* Input data
+===+

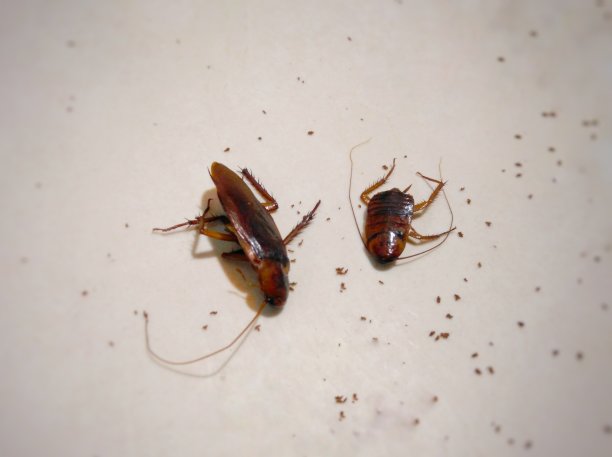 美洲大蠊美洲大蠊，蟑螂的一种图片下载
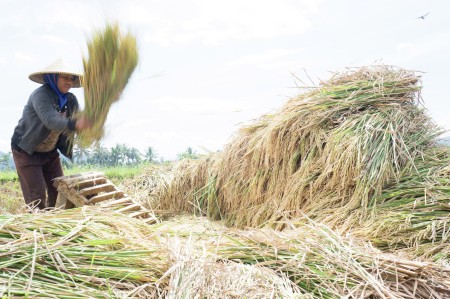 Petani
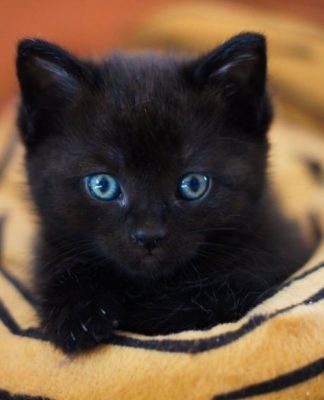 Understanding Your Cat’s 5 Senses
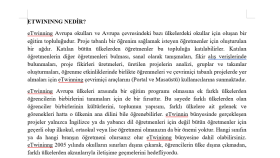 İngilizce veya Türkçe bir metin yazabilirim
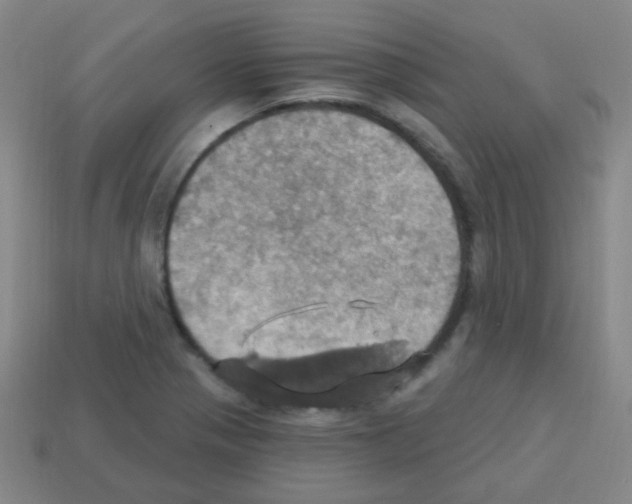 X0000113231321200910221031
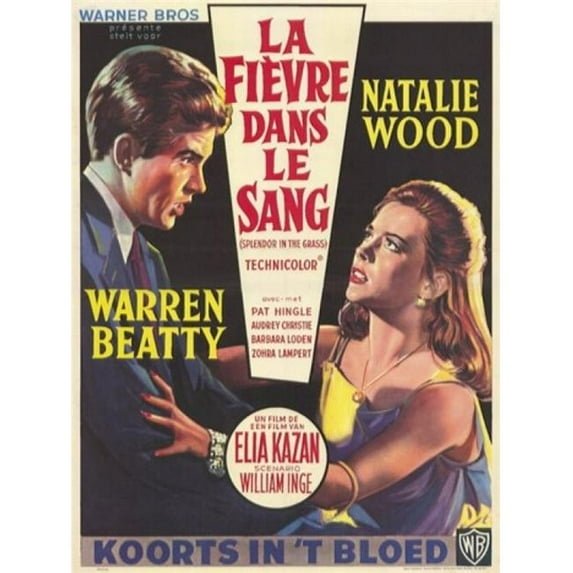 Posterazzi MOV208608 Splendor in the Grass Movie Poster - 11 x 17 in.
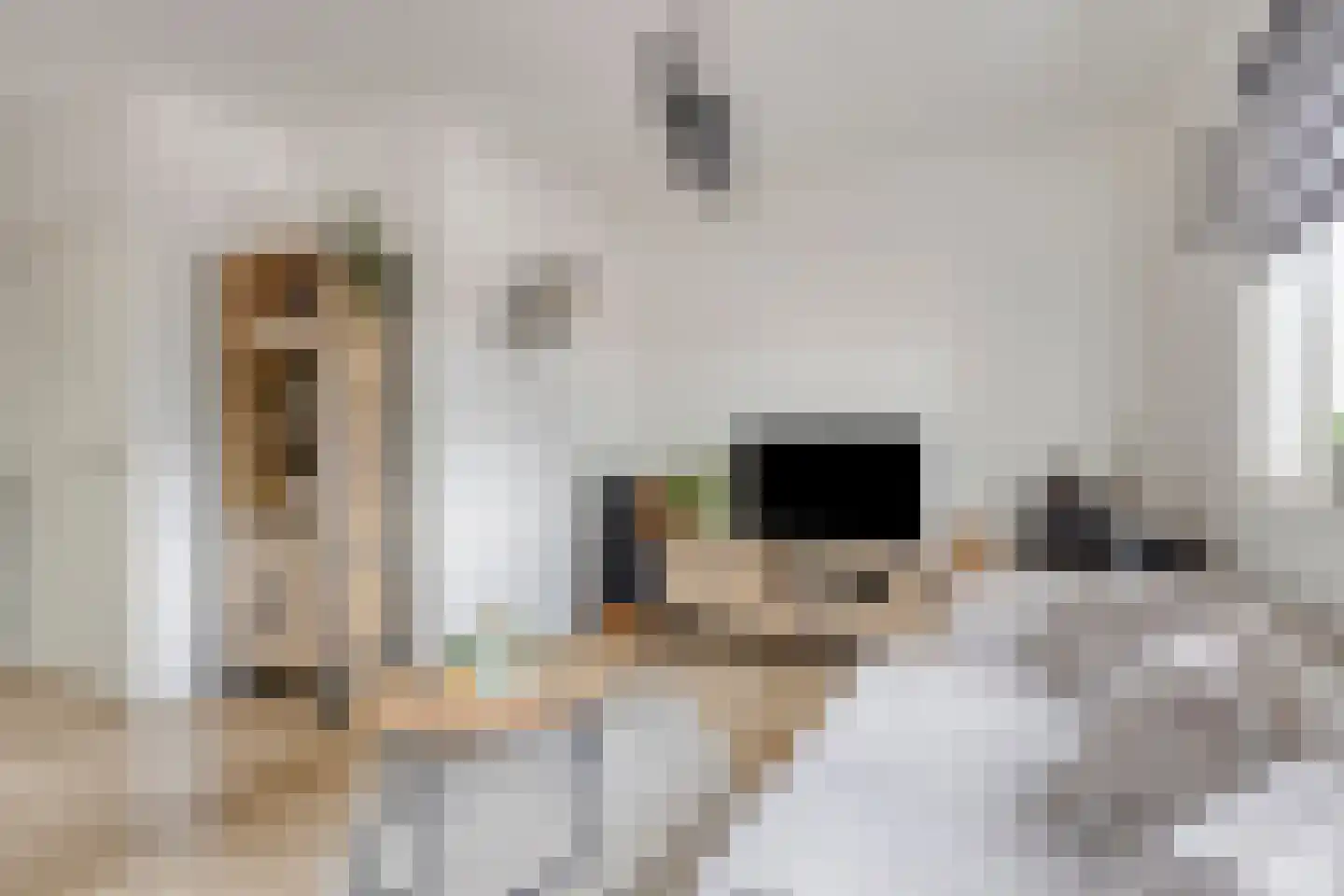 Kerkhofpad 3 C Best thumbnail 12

+===+

* Task item
Print the records above again exactly. Leave out the images.

* Finished exercise
 美洲大蠊美洲大蠊，蟑螂的一种图片下载
 Petani
 Understanding Your Cat’s 5 Senses
 İngilizce veya Türkçe bir metin yazabilirim
 X0000113231321200910221031
 Posterazzi MOV208608 Splendor in the Grass Movie Poster - 11 x 17 in.
 Kerkhofpad 3 C Best thumbnail 12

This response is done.